* _Brief_: Set down the final stretch of the data, from the line that holds "In May we're" through the last line, both included, with pictures left out.

* _The data_:
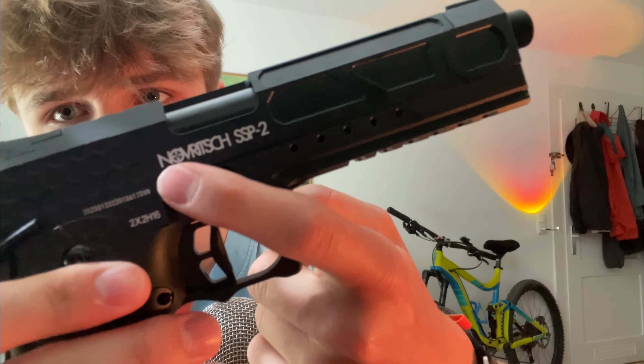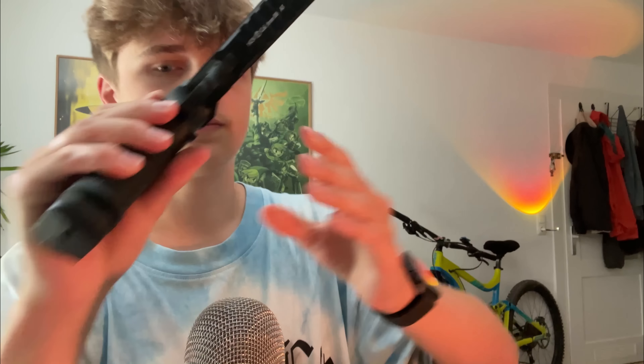Let me just ask him how much it cost. It cost 150 euros. And as I said, it's from Novritsch and it's the SSP2. Gas blowback - so when you shoot, you don't have to reload it manually every time, which is pretty cool.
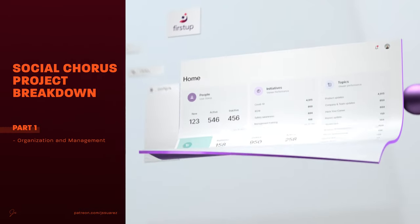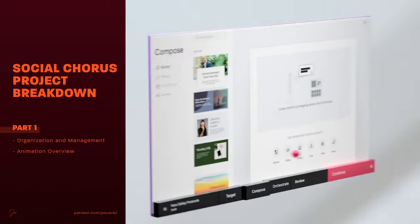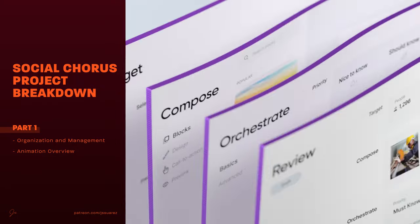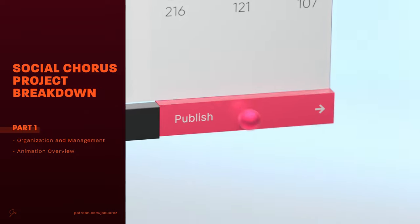In May we're going to dive into breaking down this project for Social Chorus. This is going to be a two-part series, and in part one I'm going to show you my workflow and how I managed the project over 20 days as a solo artist. We'll also dive into an animation overview and some of the techniques and tricks I use to pull this off.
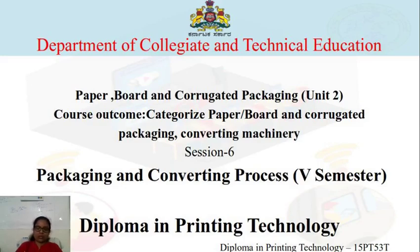Hello all. In today's session 6, we will be studying about the machineries that are used in converting of corrugated packaging from unit 2.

* _Solution to the exercise_:
In May we're going to dive into breaking down this project for Social Chorus. This is going to be a two-part series, and in part one I'm going to show you my workflow and how I managed the project over 20 days as a solo artist. We'll also dive into an animation overview and some of the techniques and tricks I use to pull this off.
Hello all. In today's session 6, we will be studying about the machineries that are used in converting of corrugated packaging from unit 2.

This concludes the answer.